Tuesday 7th February 2017

Grey Mercedes-Benz Vito Tourer Pro

From 1 April 2017 the road fund licence is changing, but how will it affect you?

Some of the most extensive changes seen to the way road tax is calculated will come into force from 1 April 2017. Any new car registered after this date will be subject to the new vehicle tax regulations, and for some it might mean a hike in the amount they have previously paid.

Gone is the simple, C02 based taxation system as vehicles have become much more efficient, leading to more and more vehicles falling into the lower, cheaper bands. In comes a system based on C02 and the cars value which may result in many vehicles’ Excise Duty increasing exponentially.

If you’re concerned about how this might affect a purchase you’re considering making this year, we’ve done a few calculations for you below. But more on that later. First, you will need to understand exactly how the new tax is calculated.

The new road fund licence is relatively simple to understand. As with the current system, your first year’s road tax rate will be based on the vehicle’s C02 levels. However, after that the vehicle will fall into a standard rate depending on the C02 levels and the vehicle’s value.

From year two, cars with zero emissions (for example electric cars) will remain free to tax. Whilst ‘standard’ cars – those with a combustion engine in them (yes, even hybrid cars) – will be taxed at a flat rate of £140 per annum. Premium cars (retail price at more than £40,000 after VAT and options have been added) will have a £310 premium added to their bill each year for five years.

Light commercial vehicles and trucks will not be affected by the rises in Vehicle Excise Duty, but Citan and Vito Tourers will as they are classed as cars, not vans. This could mean a costly addition to annual costs for you.
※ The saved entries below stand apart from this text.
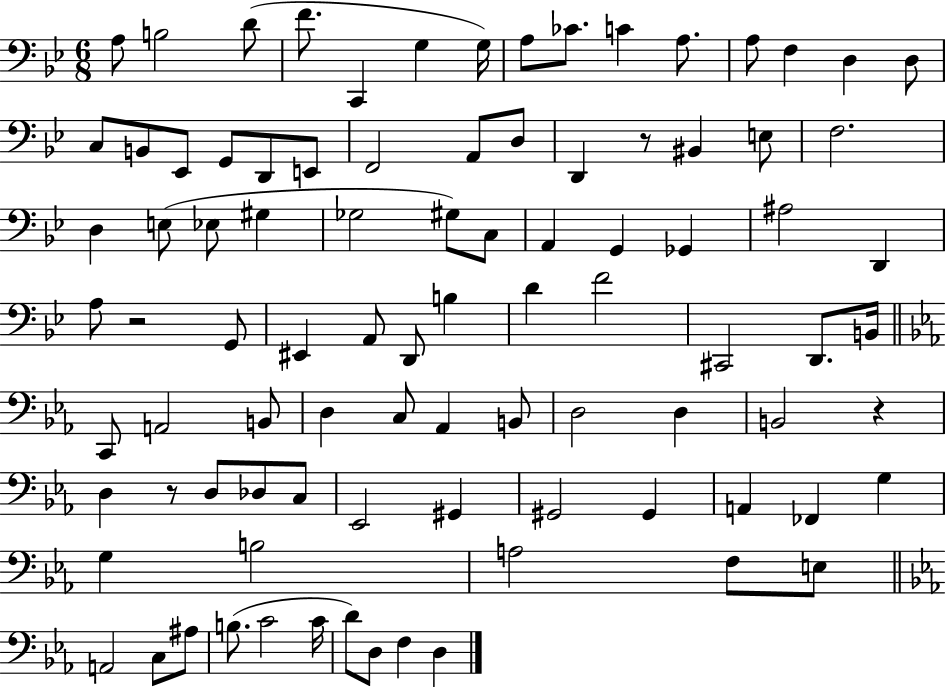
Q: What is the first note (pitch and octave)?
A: A3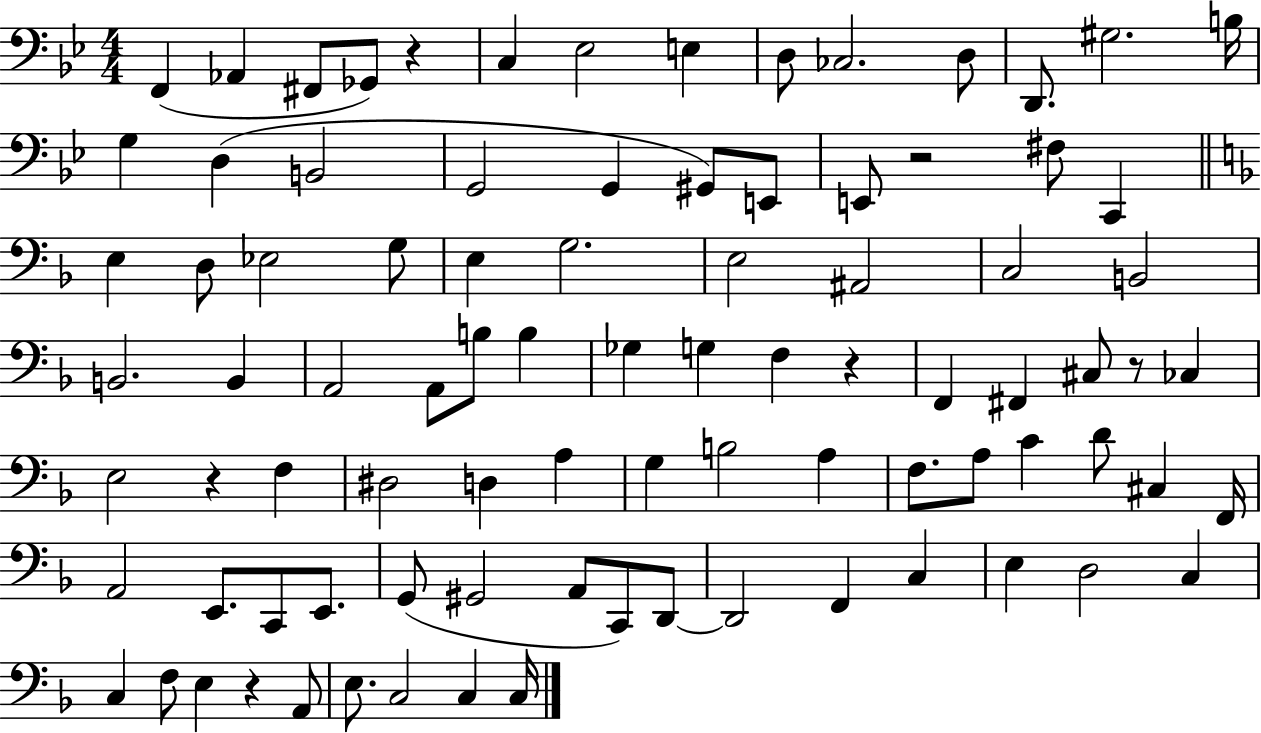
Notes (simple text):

F2/q Ab2/q F#2/e Gb2/e R/q C3/q Eb3/h E3/q D3/e CES3/h. D3/e D2/e. G#3/h. B3/s G3/q D3/q B2/h G2/h G2/q G#2/e E2/e E2/e R/h F#3/e C2/q E3/q D3/e Eb3/h G3/e E3/q G3/h. E3/h A#2/h C3/h B2/h B2/h. B2/q A2/h A2/e B3/e B3/q Gb3/q G3/q F3/q R/q F2/q F#2/q C#3/e R/e CES3/q E3/h R/q F3/q D#3/h D3/q A3/q G3/q B3/h A3/q F3/e. A3/e C4/q D4/e C#3/q F2/s A2/h E2/e. C2/e E2/e. G2/e G#2/h A2/e C2/e D2/e D2/h F2/q C3/q E3/q D3/h C3/q C3/q F3/e E3/q R/q A2/e E3/e. C3/h C3/q C3/s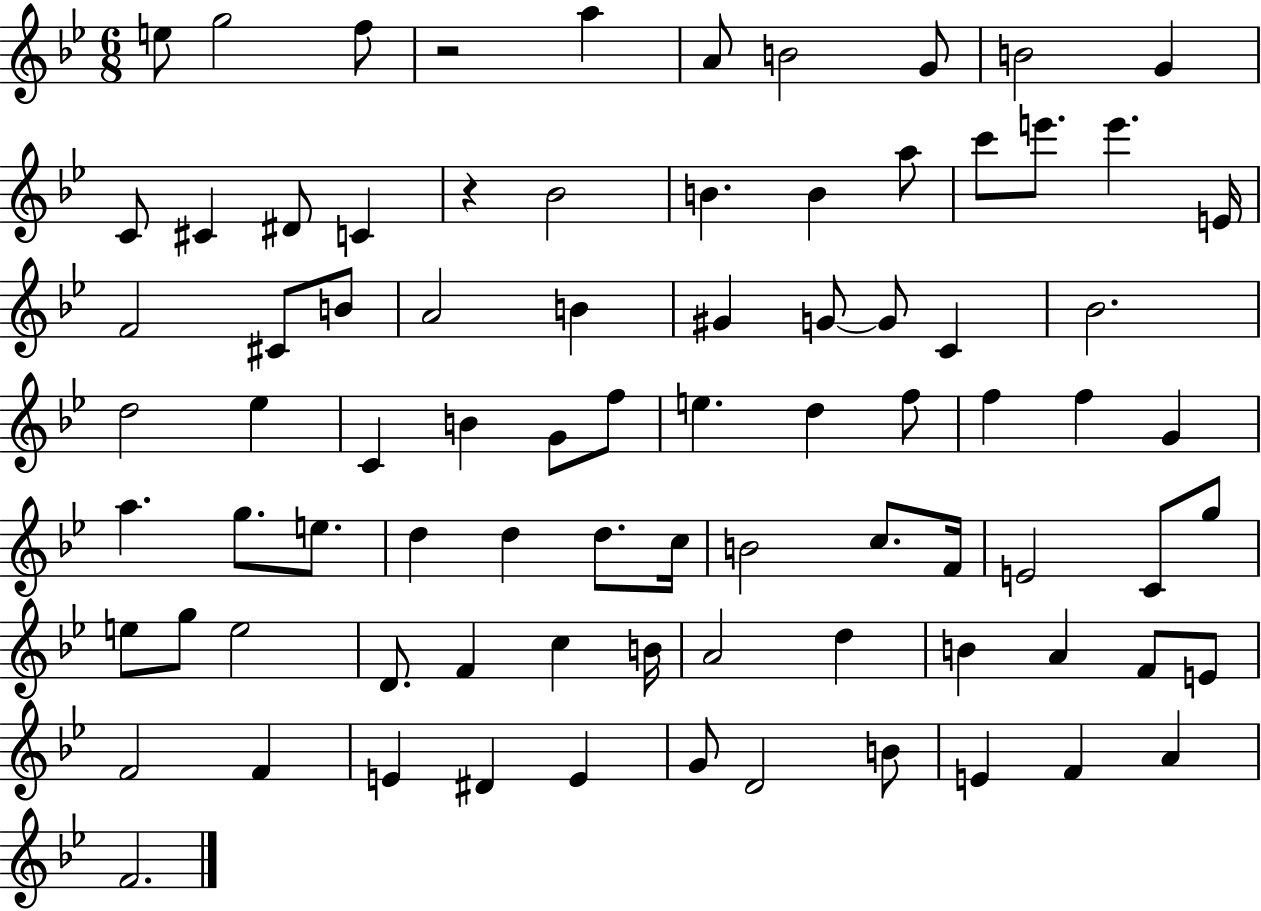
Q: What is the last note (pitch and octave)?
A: F4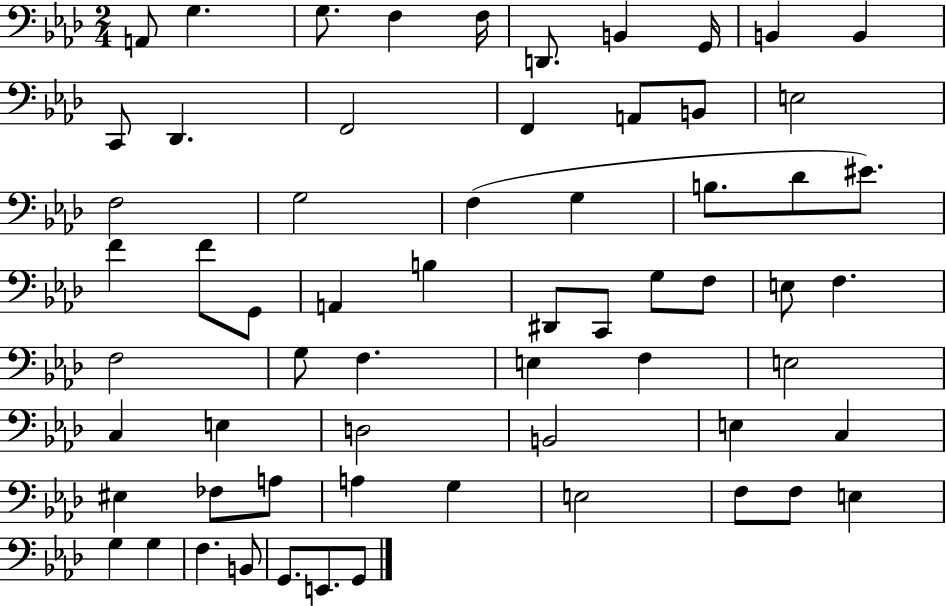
X:1
T:Untitled
M:2/4
L:1/4
K:Ab
A,,/2 G, G,/2 F, F,/4 D,,/2 B,, G,,/4 B,, B,, C,,/2 _D,, F,,2 F,, A,,/2 B,,/2 E,2 F,2 G,2 F, G, B,/2 _D/2 ^E/2 F F/2 G,,/2 A,, B, ^D,,/2 C,,/2 G,/2 F,/2 E,/2 F, F,2 G,/2 F, E, F, E,2 C, E, D,2 B,,2 E, C, ^E, _F,/2 A,/2 A, G, E,2 F,/2 F,/2 E, G, G, F, B,,/2 G,,/2 E,,/2 G,,/2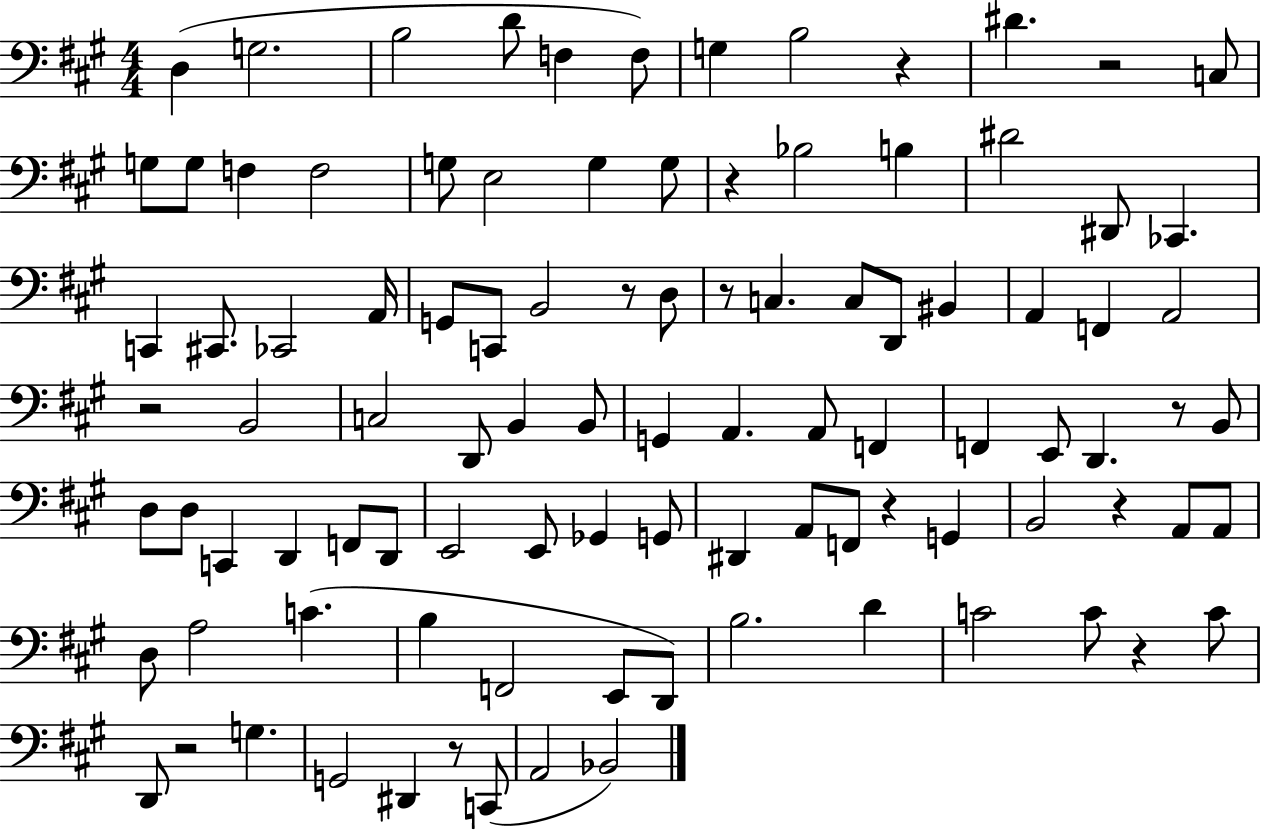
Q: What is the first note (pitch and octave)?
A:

But is there another option? Yes, buy your new vehicle before the new rules come into force.

Vehicles purchased before 1 April 2017 are not affected by the new road tax regime, meaning that if you are planning a new purchase this year, it might be prudent to purchase your new vehicle before the new rates take hold. For example, over a six year period a new Vito Tourer 119 CDI Extra Long would cost £1,110 in tax using the current regime. However, if you were to purchase the van after 1 April 2017, the same van would cost £2,750 in Vehicle Excise Duty over the same 6 year period.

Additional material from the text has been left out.